1. How would Congress vet such a program to avoid abuse (see “Katrina Cards”)? What are the costs associated with vetting these loans, and how many dollars will be allocated to bail out consumers? Further, how can we stop any bailout money from going to people who fraudulently misrepresented themselves in order to get loans that they couldn’t afford (thinking they could cash-out at any time for a profit)?
There is at least $40 trillion in Mortgage Debt Outstanding (as of 9 months ago). An overall delinquency rate of 5% puts $2 trillion worth of mortgage debt at risk.
For the $2 trillion in endangered loans, that translates to approximately $170 billion in mortgage payments due just this year… a potential worst-case scenario balloons the Federal budget deficit from $250 billion over the next twelve months to $420 billion.
3. While a bailout can work as a stopgap measure, how do we solve the problem of the basic fact that these people still can’t afford a mortgage on their own? If we subsidize, “until they sell,” then what incentive do they have to sell in the first place? Are we going to subsidize these borrowers permanently? What will that cost? $1 trillion, $2 trillion? If we put a time limit on the subsidy, then we are just delaying the inevitable. This might be the worst case, where billions in tax dollars go to no good end.
4. Finally, the question of fairness… I don’t own a home, and refuse to buy irresponsibly (i.e. borrow more than I can afford to repay if things go south).

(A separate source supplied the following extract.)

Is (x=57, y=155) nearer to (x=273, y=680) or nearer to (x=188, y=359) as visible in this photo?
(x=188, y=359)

Now my tax dollars will go to subsidize someone else’s poor decisions to keep them in a house, while folks like me are still renting? One could argue quite successfully that those facing foreclosure should not be, and have no right to be, in the homes they’re in.
Keep in mind, that the market will correct on its own… the glut of subprime loans will be wiped out through foreclosure, and the lenders will probably suffer the most (the borrower will be freed of the obligation, in the end).